*RAW DATA*

□ □ □ □ □

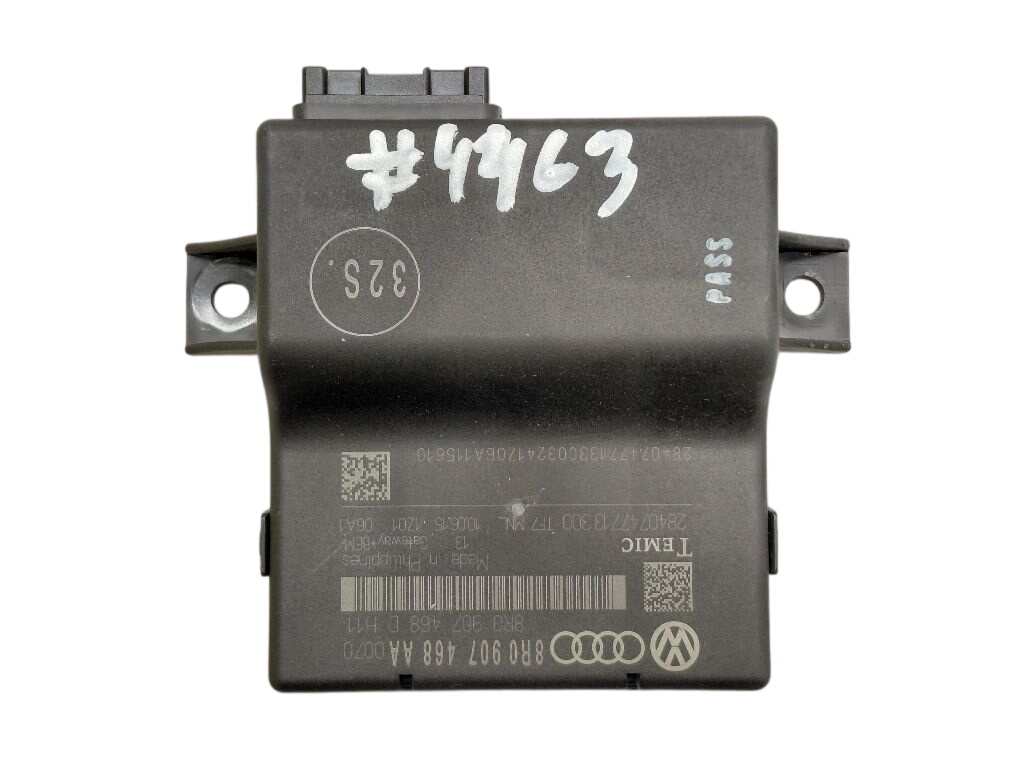Audi A4 (B8) Central gateway module 8R0907468AA 8R0907468D Central gateway module A...
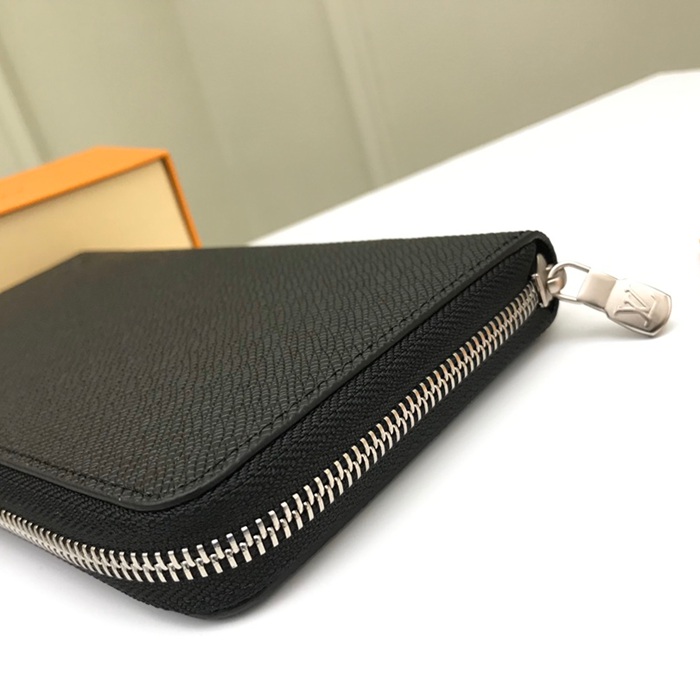 LOUIS VUITTON M30056 ジッピーオーガナイザー エピ サイズ:21x12cm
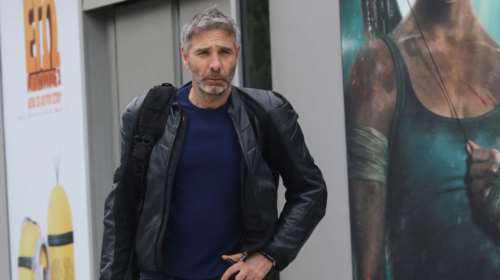 Βαρύ πένθος για τον Θοδωρή Αθερίδη: Εφυγε από τη ζωή η μητέρα του  - Το τρυφερό τραγούδι που την αποχαιρετά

□ □ □ □ □

*HOW TO COMPLETE THIS TASK*
Would you output the data above exactly as written, but with no images?

*SOLUTION BELOW*
Audi A4 (B8) Central gateway module 8R0907468AA 8R0907468D Central gateway module A...
 LOUIS VUITTON M30056 ジッピーオーガナイザー エピ サイズ:21x12cm
 Βαρύ πένθος για τον Θοδωρή Αθερίδη: Εφυγε από τη ζωή η μητέρα του  - Το τρυφερό τραγούδι που την αποχαιρετά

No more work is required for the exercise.